1. 'What do you check?'
"A lot of people don't know exactly what a home inspector is going to do," says Frank Lesh, executive director of the American Society of Home Inspectors.
It's a lot! A home inspector scrutinizes a long list of more than 1,600 features on a home.
"We inspect everything from the roof to the foundation and everything in between," Lesh says.
Going into the inspection with a clear understanding of what the inspector can and can't do will ensure that you walk away from the inspection happy.
2. 'What don't you check?'
There are limits. For instance, "we're restricted to a visual inspection," says Lesh. "We can't cut a hole in somebody's wall."
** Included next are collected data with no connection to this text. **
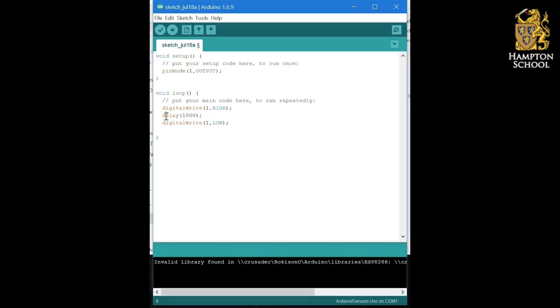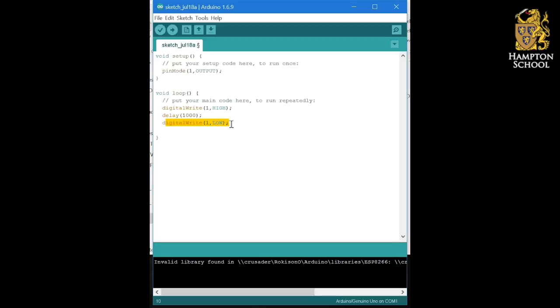What that means is this delay after digital write one high will leave LED one on for one second. It will then move on and turn LED one off again. But don't forget, we need to be able to see it turn off as well. So we need to put another delay in so that we can see the LED turn off.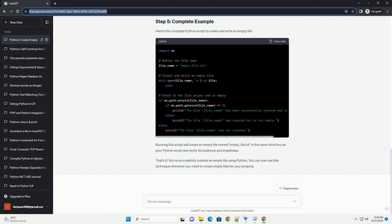Running this script will create an empty file named empty_file.txt in the same directory as your Python script and verify its existence and emptiness.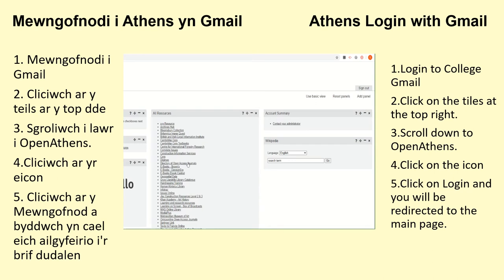Here you'll see a list of the online resources we subscribe to that you can access for free as a learner at the college. You can find a database of free to use pictures, digital maps, e-books, online journals, newspapers and subject specific databases.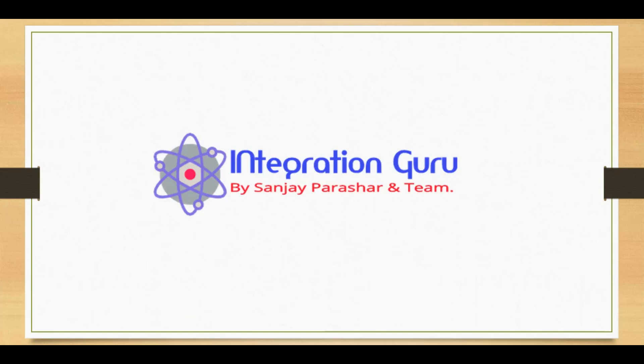In our next session, we will learn about HTTP Listener and how to expose our Mule application as a REST service. We will create a Hello World program. Thank you so much for your time, take care, bye.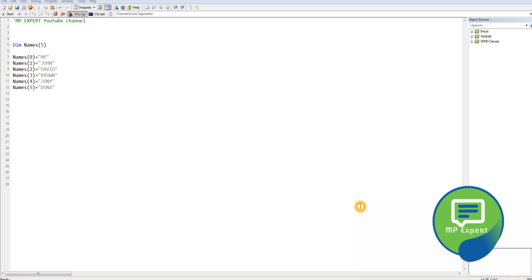Hello everyone, this is MP. In this VBScript tutorial we are going to discuss arrays, functions, subroutines, what is the difference between functions and subroutines, and many more things.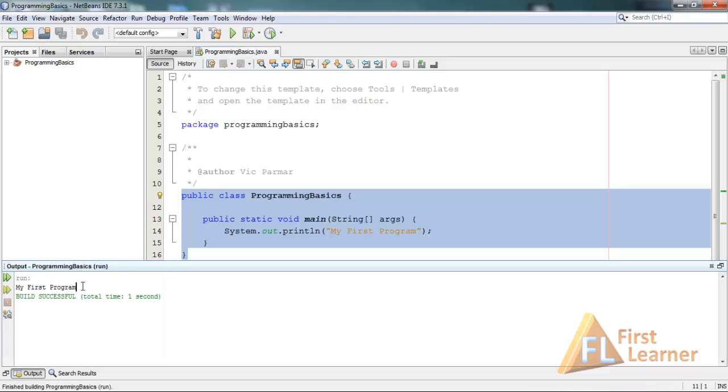You can see the output that's printed: my first program. So congrats on completing the very first program with me. This is all for the tutorial. See you next time.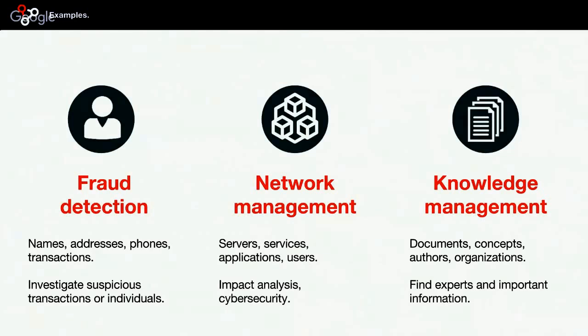In the context of network management, we are talking about servers connected to services, to applications, to users, and visualizing that data is important to run impact analysis or to investigate and mitigate cybersecurity incidents. In the context of knowledge management, we are talking about documents connected to concepts, to authors, or to organizations. Here, graph visualization can help find insights or important topics hidden in the graph. These are some of the examples that we are familiar with and that our customers use Linkurious for.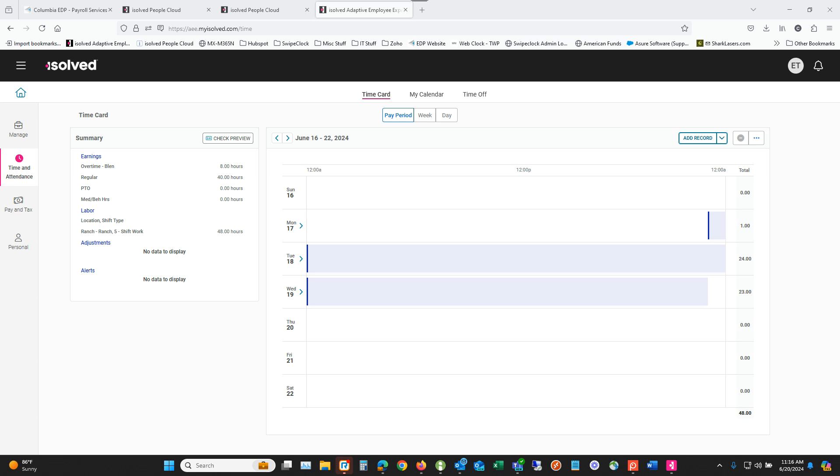This is something you'll want to do towards the end of the pay period or actually after the pay period is closed to let your managers and supervisors know that you are good to go, that you have reviewed your time card and everything looks good.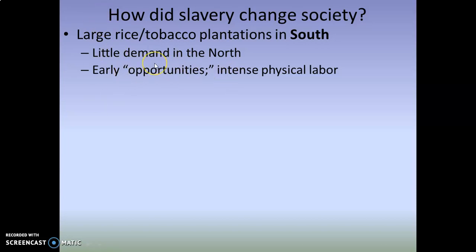In the early period, there were some masters who treated their slaves more like indentured servants and would free them. Other masters allowed their slaves to acquire property and livestock. Slaves would sell these items to buy their freedom and purchase the tools required to become free planters. So despite the intense physical labor and the system where men claimed to own other men, there were some opportunities for freedom.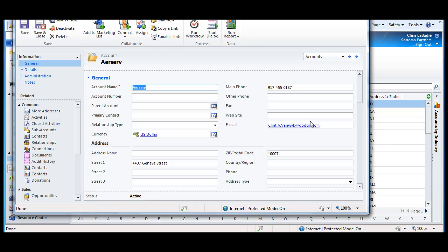Another nice enhancement is the creation of what's called role-based forms. Previously, you had one version of the form and everybody had to use it regardless of the security clearance. Now you can create as many different versions of the form as you'd like and assign it to different roles, different security roles.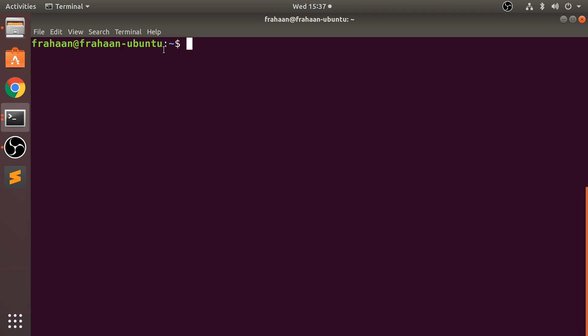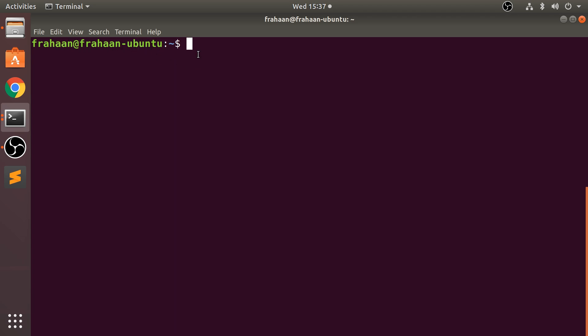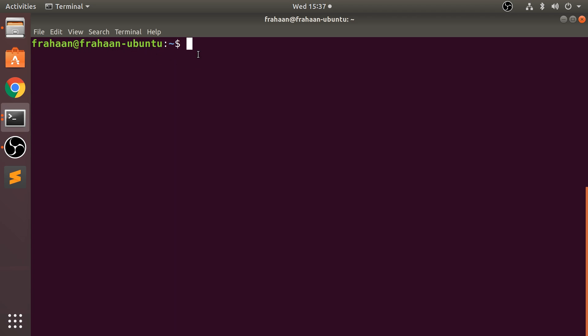If you want to know the exact path so you can maybe navigate to it, just type in pwd and this is your exact path. So it's /home/frahaan.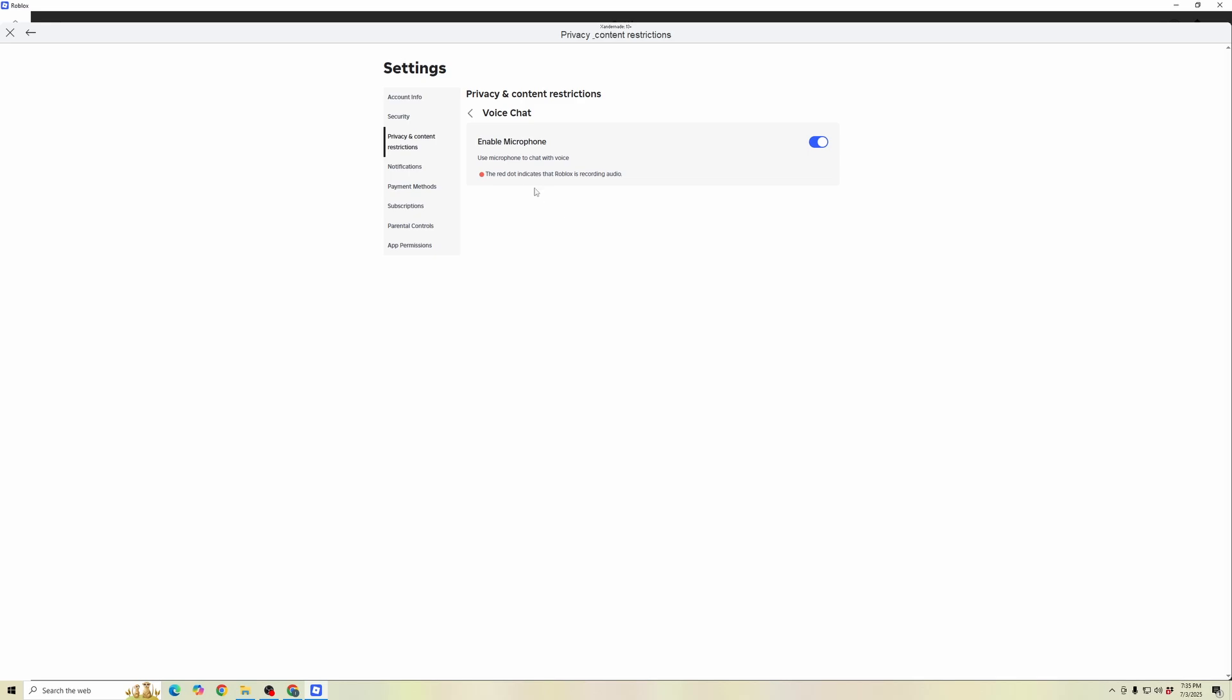And then same thing for Voice Chat. If you're wanting to make sure you have Voice Chat, you need to make sure you're verified with an ID over 13 years of age, and then make sure your microphone is enabled.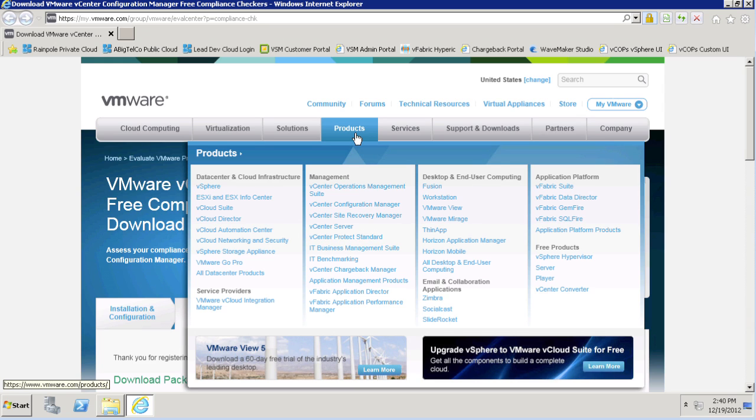VMware's compliance checkers are free, easy-to-use, downloadable utilities that allow you to sample some of the powerful compliance capabilities that are inherent in vCenter Configuration Manager.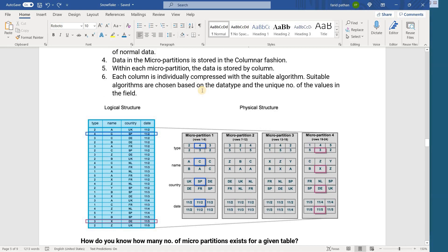Generally, Snowflake stores the data in micro partitions in a compressed format. Since we are storing column-level data in row format within each micro partition, Snowflake gets an opportunity to use a suitable algorithm to compress the data. For numeric values there will be a separate compression algorithm; for text data there are separate compression algorithms based on the distinct values in that column. So Snowflake can use the best suitable algorithm to compress the data.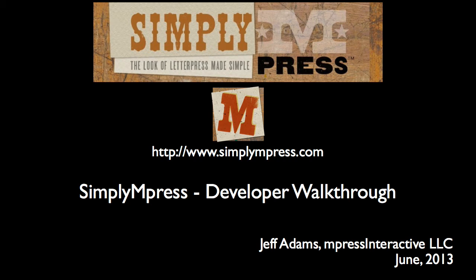Hi, this is Jeff, lead developer and co-founder of M-Press Interactive, and I'd like to share with you a demonstration video of our latest app, Simply Impress.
As a result, an inspector will often flag potential problems in the report and you will have to get another expert—a roofer, HVAC person, builder, electrician, or plumber—to come back and do a more detailed examination.
"Understand that we're looking at what exists in the house today," says home inspector Randy Sipe of Spring Hill, KS. "I can't see into the future any more than anybody else."
3. 'What do you charge for an inspection?'
Home inspections usually cost between $300 and $600, though it will depend on the market, the size of house, and the actual inspector. Generally you'll pay the inspector the day of the inspection, so you'll want to know in advance how much and what forms of payment are accepted.
Lesh cautions against going with an inspector who quotes you a very low price. "That's often a sign they're having trouble getting customers," he says.
Spending on a good inspector will more than pay for itself in the long run.